# Lecture 15: September 11th, 2023

We made it to the last lecture :') How do we all feel today?

__Reminders and Updates:__ 
* Homework 7 and Homework 8 are due tonight at midnight. Use your tokens to get an extension, if you need it. 
* You can also use your tokens to submit a outcome revision. If you are missing an outcome and would like credit for it, you can use tokens to submit a revision assignment. Let's take a brief trip to Canvas to see what this looks like. 
* Today we will cover K-Means clustering, which is the topic of outcomes P18 and P19. They will be released after today's lecture and are due Wednesday at midnight, if you would like to attempt them (remember, an A only requires 18 outcomes).
* Final project is due Wednesday at midnight! No late submissions will be accepted! 

* Updated student hours with Yasmeen this week: instead of Tuesday student hours, I will host Wednesday student hours from 12:00pm-1:50pm (our normal lecture time). Come with any questions you might have! 


## Final Project Questions

 Q: What if we can't find a perfect linear fit?
 A: That's totally fine! Maybe just point out it doesn't look like a linear fit, and you can't say much about the relationship. You might consider fitting to a higher degree polynomial, as well.

Q: What if our precision is really low? 
A: That's also fine, just don't try to convince us that the model works really well. You might consider trying to improve the model, or at least elaborate on a few things that you could try. Negative results are fine: I'd rather you say "we can't make any conclusion" than try to convince of something that's not true.

## K-Means Clustering

Today we will see our first example from _unsupervised_ machine learning. Can anyone remind us of what the main difference is from _supervised_ machine learning?

__Main Difference:__ Supervised learning uses labeled data, unsupervised learning uses unlabeled data.

Clustering is one of the most famous examples of unsupervised learning, and is something we will see today.

Here is a nice flowchart from the website [GeeksforGeeks](https://www.geeksforgeeks.org/flowchart-for-basic-machine-learning-models/) which gives a nice outline of some different categories within machine learning. Don't take it too seriously, it's just kind of fun to look at. 

![](flowchart.jpeg)

### StandardScaler

I'm a little surprised we haven't talked about this topic yet, but today we'll be rescaling numeric data so that it has a mean of zero and a standard deviation of one. Why would we want to do something like this?

From the chat: we want to make things not dependent on units! 
Example: Suppose I have a DataFrame with one column in kilograms and one column in grams.

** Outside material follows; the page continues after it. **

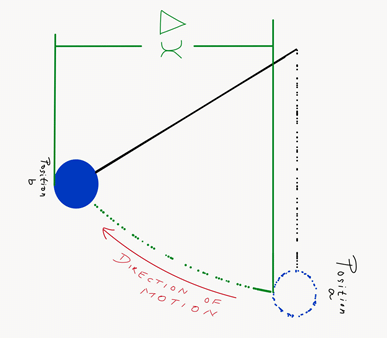 Mechanical Energy: Types & Conservation of Mechanical Energy | Physics Class 11 - NEET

We might expect that the grams column has numbers that are much larger than the kilograms column. Even though these are both weights, we might be biased towards grams since they are larger numbers. 

* Load the iris dataset from Seaborn and drop any rows with missing values.

In [1]:
import seaborn as sns
import pandas as pd
import numpy as np
import altair as alt

In [2]:
df = sns.load_dataset("iris").dropna()
df.sample(5)

Unnamed: 0,sepal_length,sepal_width,petal_length,petal_width,species
72,6.3,2.5,4.9,1.5,versicolor
139,6.9,3.1,5.4,2.1,virginica
25,5.0,3.0,1.6,0.2,setosa
7,5.0,3.4,1.5,0.2,setosa
68,6.2,2.2,4.5,1.5,versicolor


We still have the standard workflow for scikit-learn:
* import 
* instantiate
* `fit`
* `predict` or `transform`

* Import `StandardScaler` from `sklearn.preprocessing`

In [3]:
from sklearn.preprocessing import StandardScaler

* Instantiate a `StandardScaler` object and name it `scaler`.

In [4]:
scaler = StandardScaler()

In [5]:
type(scaler)

sklearn.preprocessing._data.StandardScaler

* Try fitting StandardScaler to the iris dataset.

In [6]:
scaler.fit(df)

ValueError: could not convert string to float: 'setosa'

What's going on here? Notice the species column has strings, and it doesn't make sense to scale these. When we use StandardScaler, we only want to apply it to numeric columns.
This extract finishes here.